Ruttman, who matched Mike Bliss for No. 2 on the series all-time Bud Pole chart with 14, also became Daytona International Speedway's oldest NASCAR winner at 56 years three months. He supplanted Bobby Allison who was 51 years two months when he won the 1988 Daytona 500.
Of the three drivers chasing Ruttman home in the Florida Dodge Dealers 250, only one - Scott Riggs, fifth at Richmond in 2000 - ever had finished among the top five in a NASCAR Craftsman Truck Series race. Second-place finisher Ricky Hendrick's best performance was a sixth-place in his first series appearance last May at Pikes Peak. Two seventh-place runs had been the best Lance Norick could muster in 108 previous trips to the starting stripe.

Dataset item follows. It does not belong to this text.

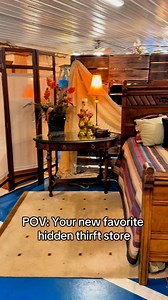 5.3K views · 48 reactions | 曆New week, new thrift! Come check out your new favorite thrift store! 300 West 1st Street Star Prairie, WI 54026 Contact us: 715-501-5931️Store Hours: Thursday 10-5 | Friday 10-5 | Saturday 10-3#thriftstorefinds | River Revival Thrift & ReUse Store | Facebook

Coy Gibbs also posted a career best run of seventh. Gibbs, whose MBNA Chevrolet team hired Gary Showalter to guide its efforts for the 2001 season, ran 13th at Chicago - a race Ruttman also won.
Terry Cook, sixth this year and fourth in 2000, was the only competitor in the field to log a top 10 finish in both runnings of the Florida Dodge Dealers 250. Ultra Motorsports, winner of the inaugural event and third this time with Riggs, was the only top 10 owner returnee.
Although Hendrick, like Kurt Busch in 2000, finished second, this year's race was a throwaway for freshman competitors. He was the only Raybestos Rookie to place among the first 17.
Said father and team owner Rick Hendrick of attempting to coach his 20-year-old son on the final lap, "As big as the button was on the radio, I couldn't put my finger on the button. My hand was shaking so fast. I don't do a very good job being a father and an owner watching my son race." Added the elder Hendrick, "He drove a smart race and stayed out of trouble."
Hendrick, Chuck Hossfeld, Ted Musgrave and Morgan Shepherd led a NASCAR Craftsman Truck Series event for the first time. Bryan Reffner has led three consecutive races while Ruttman has headed six of the last 10.
This year's front row featured the same two trucks as in 2000: Ruttman, again on the Bud Pole and the No. 2 Riggs truck that was driven a year ago by race winner Mike Wallace. Wallace wasn't far from the action as he rested up for Sunday's Daytona 500. He provided color commentary for MRN Radio listeners.
Friday's race marked the final time the 9.5:1 compression engine was required in NCTS competition. Teams have the option of switching to the 12:1 V8 when the 2000 season resumes March 4 at Homestead-Miami Speedway.